Something great was coming next, Mo Ostin had told Paul, but in the late weeks of 1980 and the start of 1981 he found it difficult to believe. If only because he knew that nothing was coming next. He'd been through it before: the weeks and months of silence; the long, frigid winter of the muse. But it had never lasted as long as this, nor been so obliterating. As if he were being punished for his failures by losing his power to make up for them.

It continued through the fall of 1980 and into the winter and spring of 1981. Desperate for relief, Paul called Dr. Roderic Gorney, a psychiatrist on the faculty of UCLA whose influential 1979 book
The Human Agenda
drew on his unique combination of Freudian practice and humanitarian philosophy. That Gorney was the son of songwriter Jay Gorney, who had cowritten the Depression-era classic “Brother, Can You Spare a Dime?,” among many other Broadway and pop hits, as well as discovering the talents of Shirley Temple, was an interesting aside. Paul scheduled an appointment and got on the next flight to Los Angeles. Once he cleared LAX, he jumped into his rental car and drove to the doctor's home office in Brentwood. There he met Gorney, a lanky, gentle-natured man in his midfifties, and considered the doctor's first question: why had he come to see him? It didn't take Paul long to answer: it was all he'd been able to think about for weeks. His problem was that his spirit was so very detached from his circumstances. He was young, healthy, talented, rich, and famous. He was free to do whatever he wanted, nearly all the time. So why was he still so very unhappy? And why couldn't he do the one thing that gave him the most pleasure?
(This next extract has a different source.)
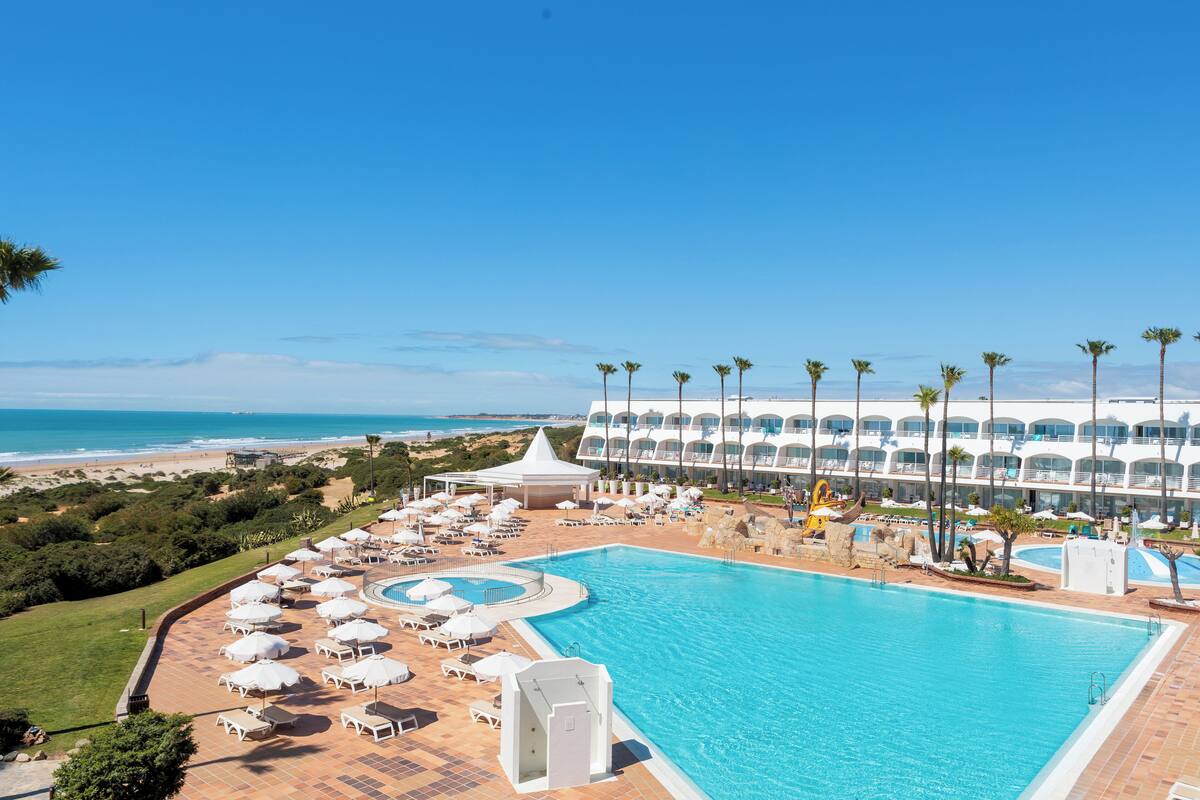 Een resort met een groot zwembad, ligbedden en uitzicht op het strand.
After decades of study and practice, Gorney knew all about the labyrinth of anxiety, pride, and shame that fed the creative drive. The shadowlands of impulse, primal experience, and unconscious association; the symbolic bonds between what must be done and what must never be acknowledged. Gorney's signal case had come in the early 1960s, when he was consulting with practitioners in Leningrad (as St. Petersburg was known in the Soviet era). He was presented with a widely renowned concert pianist who, at sixty-two years old, had grown so terrified of performing that she could no longer lay her hands on the keys of a piano, not even the one in her private studio. Just the thought of it made her dizzy. When she sat at the keyboard, her heart raced; if she raised her hands, her lungs constricted. Disaster felt imminent, escape a necessity. Gorney had seen the same thing happen to Vladimir Horowitz one night at the Hollywood Bowl—the maestro taking the stage, sitting at the piano, and then, after a torturous few moments, bolting offstage. Horowitz fought his demons with varying degrees of success for decades, but the female pianist had been rendered mute, and her Soviet doctors were unable to help her.